Problem description>
How many lines in the records below contain the word "Maxi"? State only that number.

Data extracts>
========================================

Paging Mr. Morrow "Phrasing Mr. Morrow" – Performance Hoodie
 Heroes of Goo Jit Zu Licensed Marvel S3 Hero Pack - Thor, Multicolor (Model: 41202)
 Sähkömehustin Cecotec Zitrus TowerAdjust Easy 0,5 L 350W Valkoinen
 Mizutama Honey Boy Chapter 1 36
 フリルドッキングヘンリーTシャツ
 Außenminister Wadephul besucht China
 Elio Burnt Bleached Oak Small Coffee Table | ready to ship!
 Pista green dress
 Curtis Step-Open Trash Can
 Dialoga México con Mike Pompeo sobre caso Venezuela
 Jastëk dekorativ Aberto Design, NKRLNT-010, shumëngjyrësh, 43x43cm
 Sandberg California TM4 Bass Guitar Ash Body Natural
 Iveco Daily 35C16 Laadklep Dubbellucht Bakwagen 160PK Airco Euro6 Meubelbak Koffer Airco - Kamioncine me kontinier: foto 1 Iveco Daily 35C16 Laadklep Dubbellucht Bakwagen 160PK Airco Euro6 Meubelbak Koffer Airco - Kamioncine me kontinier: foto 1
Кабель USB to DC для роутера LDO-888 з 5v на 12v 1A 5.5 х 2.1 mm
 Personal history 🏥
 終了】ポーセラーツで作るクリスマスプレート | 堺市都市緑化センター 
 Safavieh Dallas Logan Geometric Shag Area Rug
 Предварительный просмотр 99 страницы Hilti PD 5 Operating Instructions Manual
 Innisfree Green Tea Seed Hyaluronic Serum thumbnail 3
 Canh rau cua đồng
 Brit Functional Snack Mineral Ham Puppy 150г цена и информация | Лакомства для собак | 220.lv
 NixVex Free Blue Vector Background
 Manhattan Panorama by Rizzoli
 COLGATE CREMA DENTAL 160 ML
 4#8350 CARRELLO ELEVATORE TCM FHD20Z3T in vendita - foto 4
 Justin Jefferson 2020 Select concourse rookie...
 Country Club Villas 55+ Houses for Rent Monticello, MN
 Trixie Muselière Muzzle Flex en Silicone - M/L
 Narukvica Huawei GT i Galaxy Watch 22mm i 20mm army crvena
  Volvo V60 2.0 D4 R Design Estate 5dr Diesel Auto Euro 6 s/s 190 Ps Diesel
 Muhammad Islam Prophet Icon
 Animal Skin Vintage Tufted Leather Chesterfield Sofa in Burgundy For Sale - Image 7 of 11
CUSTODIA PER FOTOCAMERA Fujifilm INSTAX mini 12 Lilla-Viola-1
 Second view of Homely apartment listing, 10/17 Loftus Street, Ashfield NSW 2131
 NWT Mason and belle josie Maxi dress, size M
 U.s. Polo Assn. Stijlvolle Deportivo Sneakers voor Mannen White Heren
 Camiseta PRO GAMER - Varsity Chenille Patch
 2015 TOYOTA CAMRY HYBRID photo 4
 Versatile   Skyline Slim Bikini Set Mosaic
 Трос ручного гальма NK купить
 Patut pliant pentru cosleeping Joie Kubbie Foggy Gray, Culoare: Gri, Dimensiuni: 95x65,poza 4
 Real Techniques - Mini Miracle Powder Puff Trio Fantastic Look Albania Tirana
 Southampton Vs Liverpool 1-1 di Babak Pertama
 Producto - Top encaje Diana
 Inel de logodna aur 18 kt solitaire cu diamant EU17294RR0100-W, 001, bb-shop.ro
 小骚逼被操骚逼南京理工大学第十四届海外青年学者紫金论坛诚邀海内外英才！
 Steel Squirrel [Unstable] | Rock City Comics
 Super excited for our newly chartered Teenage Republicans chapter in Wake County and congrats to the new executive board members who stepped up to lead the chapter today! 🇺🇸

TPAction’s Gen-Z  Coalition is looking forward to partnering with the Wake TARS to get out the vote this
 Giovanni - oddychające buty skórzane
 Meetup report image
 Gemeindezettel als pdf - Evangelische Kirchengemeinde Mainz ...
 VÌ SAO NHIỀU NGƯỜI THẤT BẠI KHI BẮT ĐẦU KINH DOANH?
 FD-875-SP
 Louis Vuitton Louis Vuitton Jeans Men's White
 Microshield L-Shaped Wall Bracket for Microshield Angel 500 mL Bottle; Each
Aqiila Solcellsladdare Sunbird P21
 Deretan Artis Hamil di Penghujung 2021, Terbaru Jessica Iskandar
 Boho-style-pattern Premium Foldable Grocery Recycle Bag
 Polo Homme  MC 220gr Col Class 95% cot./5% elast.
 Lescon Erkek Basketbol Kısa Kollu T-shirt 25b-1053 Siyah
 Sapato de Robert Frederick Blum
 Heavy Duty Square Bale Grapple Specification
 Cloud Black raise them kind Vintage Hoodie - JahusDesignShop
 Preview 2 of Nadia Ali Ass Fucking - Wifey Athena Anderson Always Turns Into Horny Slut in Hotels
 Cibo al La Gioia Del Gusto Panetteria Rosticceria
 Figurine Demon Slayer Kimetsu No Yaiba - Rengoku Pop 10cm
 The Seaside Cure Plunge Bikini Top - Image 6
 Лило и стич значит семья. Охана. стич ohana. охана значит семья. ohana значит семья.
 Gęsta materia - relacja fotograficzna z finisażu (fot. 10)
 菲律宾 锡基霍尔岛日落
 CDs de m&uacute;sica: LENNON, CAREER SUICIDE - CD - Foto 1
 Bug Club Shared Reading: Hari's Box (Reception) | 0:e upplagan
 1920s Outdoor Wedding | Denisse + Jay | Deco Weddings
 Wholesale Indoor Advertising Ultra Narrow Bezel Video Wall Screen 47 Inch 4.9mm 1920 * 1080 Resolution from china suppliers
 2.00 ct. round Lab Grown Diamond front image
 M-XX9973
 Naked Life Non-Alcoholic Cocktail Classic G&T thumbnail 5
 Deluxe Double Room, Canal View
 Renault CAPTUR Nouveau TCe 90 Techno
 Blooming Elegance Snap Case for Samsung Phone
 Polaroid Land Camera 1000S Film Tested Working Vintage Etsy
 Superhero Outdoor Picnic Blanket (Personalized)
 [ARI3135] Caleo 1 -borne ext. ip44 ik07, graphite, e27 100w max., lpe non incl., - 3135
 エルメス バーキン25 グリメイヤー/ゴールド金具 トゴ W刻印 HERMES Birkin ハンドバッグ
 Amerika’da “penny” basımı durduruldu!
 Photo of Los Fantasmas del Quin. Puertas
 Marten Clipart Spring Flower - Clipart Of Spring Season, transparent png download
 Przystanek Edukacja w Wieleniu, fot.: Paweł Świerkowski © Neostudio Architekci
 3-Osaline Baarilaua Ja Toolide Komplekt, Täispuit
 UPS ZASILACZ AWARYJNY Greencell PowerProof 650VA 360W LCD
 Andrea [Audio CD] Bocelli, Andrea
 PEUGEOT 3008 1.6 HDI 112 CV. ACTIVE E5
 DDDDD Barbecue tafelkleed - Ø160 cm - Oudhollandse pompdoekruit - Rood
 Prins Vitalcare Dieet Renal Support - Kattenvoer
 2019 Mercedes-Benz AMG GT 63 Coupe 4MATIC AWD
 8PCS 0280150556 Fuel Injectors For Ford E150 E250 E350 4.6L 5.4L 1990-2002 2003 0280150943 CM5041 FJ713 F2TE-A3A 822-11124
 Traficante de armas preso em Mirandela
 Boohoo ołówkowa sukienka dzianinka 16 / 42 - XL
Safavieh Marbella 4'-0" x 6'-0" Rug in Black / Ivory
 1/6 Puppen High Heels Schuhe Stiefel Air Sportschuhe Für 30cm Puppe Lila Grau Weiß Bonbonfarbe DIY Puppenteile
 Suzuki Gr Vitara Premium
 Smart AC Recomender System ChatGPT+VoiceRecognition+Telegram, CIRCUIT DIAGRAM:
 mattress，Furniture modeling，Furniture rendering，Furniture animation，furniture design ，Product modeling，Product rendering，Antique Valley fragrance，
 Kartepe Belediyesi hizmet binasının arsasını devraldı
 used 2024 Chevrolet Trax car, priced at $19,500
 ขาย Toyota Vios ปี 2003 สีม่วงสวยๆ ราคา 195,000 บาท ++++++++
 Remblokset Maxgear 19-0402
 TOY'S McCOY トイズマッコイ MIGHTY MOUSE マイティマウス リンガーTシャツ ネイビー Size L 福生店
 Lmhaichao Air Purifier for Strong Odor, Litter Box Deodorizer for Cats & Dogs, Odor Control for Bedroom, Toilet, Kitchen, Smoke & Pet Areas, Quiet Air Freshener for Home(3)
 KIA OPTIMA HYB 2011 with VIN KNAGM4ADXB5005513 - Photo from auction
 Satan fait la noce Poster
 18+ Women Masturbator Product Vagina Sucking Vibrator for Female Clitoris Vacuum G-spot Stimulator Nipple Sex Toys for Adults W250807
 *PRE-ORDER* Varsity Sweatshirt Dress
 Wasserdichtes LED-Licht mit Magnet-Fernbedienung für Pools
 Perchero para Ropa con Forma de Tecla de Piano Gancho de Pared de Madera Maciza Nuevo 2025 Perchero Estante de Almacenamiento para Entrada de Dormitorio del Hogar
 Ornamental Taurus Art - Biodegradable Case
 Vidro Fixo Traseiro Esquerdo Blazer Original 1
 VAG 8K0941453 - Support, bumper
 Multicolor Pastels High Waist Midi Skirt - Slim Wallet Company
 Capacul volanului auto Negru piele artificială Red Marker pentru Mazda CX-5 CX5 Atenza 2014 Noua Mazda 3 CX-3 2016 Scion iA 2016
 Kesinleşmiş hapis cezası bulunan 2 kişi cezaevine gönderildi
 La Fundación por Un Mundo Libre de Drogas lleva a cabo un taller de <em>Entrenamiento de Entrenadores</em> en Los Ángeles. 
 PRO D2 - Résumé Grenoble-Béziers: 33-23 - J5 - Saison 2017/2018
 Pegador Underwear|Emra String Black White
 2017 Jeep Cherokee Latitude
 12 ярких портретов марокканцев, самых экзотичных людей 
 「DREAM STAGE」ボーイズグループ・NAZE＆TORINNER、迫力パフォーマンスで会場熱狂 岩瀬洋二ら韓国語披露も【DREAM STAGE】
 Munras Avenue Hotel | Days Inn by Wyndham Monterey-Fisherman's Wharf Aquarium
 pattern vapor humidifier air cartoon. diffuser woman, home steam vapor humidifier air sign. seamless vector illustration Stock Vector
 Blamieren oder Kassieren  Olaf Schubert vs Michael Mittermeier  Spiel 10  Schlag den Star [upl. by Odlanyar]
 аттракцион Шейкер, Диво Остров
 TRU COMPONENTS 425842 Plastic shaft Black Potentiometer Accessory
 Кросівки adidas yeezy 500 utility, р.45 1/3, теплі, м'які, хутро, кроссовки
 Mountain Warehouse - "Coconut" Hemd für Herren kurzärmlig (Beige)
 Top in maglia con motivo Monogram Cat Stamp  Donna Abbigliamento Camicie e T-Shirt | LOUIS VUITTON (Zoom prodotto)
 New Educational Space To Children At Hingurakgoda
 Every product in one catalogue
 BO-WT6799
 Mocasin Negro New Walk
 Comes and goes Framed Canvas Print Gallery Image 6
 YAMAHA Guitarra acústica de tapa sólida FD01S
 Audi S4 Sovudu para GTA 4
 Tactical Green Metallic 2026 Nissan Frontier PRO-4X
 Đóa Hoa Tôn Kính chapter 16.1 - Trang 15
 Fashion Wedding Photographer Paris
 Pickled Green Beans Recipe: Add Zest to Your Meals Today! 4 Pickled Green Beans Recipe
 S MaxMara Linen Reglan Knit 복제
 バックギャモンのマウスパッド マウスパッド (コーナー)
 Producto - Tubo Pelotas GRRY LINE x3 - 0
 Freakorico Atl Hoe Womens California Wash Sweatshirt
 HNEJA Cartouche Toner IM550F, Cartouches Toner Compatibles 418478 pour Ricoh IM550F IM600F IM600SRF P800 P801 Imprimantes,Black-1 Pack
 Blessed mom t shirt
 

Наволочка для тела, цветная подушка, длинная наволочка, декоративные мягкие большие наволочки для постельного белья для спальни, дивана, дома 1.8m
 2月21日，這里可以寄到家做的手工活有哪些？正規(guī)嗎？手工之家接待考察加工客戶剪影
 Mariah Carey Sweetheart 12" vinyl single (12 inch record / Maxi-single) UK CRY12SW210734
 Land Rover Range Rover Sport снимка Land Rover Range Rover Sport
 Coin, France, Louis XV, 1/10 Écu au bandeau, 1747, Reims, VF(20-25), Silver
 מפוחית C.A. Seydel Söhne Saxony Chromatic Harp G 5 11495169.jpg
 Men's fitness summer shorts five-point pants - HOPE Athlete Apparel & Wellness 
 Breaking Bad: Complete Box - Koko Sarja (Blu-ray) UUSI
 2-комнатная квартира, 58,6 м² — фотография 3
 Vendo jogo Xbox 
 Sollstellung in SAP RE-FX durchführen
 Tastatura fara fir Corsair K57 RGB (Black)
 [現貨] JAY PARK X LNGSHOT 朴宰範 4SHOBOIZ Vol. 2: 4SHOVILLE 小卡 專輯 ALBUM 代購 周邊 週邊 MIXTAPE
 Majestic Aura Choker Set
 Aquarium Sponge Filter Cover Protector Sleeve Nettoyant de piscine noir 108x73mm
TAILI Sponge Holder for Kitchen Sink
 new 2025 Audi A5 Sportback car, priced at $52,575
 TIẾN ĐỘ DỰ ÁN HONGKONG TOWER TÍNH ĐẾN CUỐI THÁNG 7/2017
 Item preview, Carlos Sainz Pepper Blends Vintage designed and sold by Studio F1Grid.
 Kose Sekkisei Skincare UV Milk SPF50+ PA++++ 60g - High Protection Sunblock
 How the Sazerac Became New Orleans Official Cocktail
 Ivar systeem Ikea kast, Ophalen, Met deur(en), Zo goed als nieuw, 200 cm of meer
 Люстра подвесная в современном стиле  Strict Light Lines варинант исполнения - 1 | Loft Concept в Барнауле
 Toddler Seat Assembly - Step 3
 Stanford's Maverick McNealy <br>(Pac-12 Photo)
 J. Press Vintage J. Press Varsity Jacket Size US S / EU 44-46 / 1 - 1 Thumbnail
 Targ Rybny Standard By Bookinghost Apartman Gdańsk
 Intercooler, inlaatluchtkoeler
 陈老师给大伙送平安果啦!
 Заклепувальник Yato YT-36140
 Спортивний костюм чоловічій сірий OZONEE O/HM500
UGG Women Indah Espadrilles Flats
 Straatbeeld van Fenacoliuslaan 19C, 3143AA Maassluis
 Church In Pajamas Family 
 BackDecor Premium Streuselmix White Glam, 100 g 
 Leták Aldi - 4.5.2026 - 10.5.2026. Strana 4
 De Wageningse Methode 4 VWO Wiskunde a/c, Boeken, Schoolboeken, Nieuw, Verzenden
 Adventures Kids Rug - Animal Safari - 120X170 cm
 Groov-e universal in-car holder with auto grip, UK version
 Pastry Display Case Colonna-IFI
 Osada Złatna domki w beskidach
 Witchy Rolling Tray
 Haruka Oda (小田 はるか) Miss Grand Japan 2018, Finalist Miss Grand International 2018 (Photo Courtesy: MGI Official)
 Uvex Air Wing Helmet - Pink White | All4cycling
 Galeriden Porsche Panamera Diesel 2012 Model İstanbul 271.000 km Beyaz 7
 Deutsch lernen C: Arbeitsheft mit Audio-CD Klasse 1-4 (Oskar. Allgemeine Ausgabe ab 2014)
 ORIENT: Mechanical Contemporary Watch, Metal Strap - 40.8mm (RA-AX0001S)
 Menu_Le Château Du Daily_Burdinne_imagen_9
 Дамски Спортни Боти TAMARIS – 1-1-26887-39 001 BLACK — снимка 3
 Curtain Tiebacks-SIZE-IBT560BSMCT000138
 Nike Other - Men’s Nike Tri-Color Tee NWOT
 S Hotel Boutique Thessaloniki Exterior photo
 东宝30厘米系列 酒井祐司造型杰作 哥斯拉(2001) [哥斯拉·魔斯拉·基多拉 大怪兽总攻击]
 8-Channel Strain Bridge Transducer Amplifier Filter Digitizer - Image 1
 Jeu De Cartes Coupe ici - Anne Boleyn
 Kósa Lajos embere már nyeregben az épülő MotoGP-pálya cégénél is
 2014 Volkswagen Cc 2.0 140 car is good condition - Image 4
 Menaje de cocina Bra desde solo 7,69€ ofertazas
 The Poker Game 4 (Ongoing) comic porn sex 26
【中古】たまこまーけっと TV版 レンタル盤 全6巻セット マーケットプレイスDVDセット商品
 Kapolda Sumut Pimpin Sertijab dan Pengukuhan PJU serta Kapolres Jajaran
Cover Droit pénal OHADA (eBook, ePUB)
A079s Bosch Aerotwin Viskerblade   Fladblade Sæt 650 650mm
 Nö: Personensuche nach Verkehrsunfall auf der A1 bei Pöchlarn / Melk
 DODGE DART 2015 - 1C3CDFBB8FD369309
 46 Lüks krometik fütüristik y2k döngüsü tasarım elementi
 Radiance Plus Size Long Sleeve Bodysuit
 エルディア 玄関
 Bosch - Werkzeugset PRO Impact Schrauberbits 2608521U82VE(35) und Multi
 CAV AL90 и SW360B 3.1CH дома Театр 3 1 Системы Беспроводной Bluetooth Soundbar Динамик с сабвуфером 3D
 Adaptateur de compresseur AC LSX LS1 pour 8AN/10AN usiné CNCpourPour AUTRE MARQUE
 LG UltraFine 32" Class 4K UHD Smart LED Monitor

========================================

Response area>
2